EXERCISE PROMPT:
For this listing, reproduce the line with "President Obama and", the line with "three children working", and the lines between, exactly as they stand. Leave out pictures and all other lines.
*** INPUT FOR THIS TASK ***
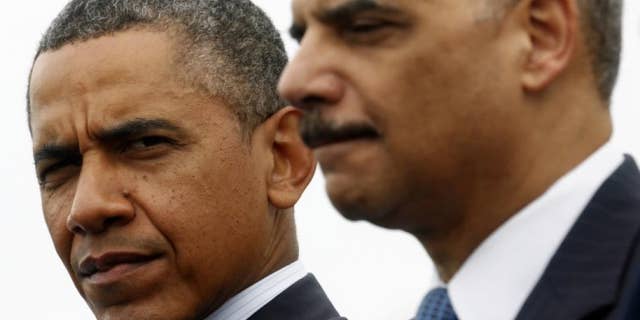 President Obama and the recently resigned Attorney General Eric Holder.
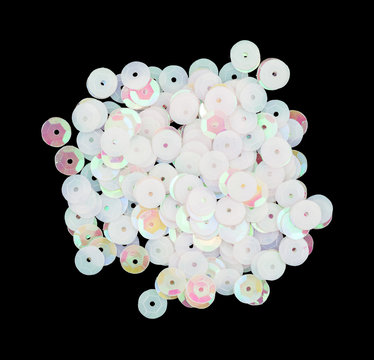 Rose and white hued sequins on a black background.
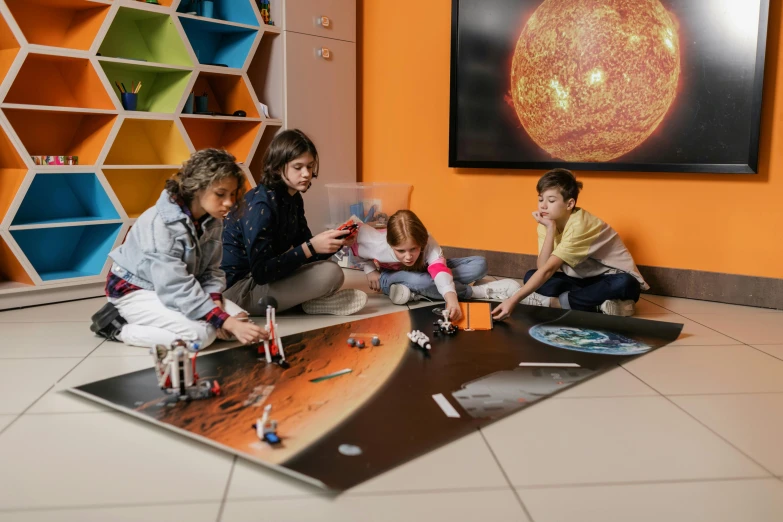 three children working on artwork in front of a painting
*** End of INPUT FOR THIS TASK ***
*** INPUT FOR THIS TASK ***
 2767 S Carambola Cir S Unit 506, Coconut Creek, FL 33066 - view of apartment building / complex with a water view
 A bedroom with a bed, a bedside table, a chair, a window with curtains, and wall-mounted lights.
*** End of INPUT FOR THIS TASK ***
TASK RESPONSE:
 President Obama and the recently resigned Attorney General Eric Holder.
 Rose and white hued sequins on a black background.
 three children working on artwork in front of a painting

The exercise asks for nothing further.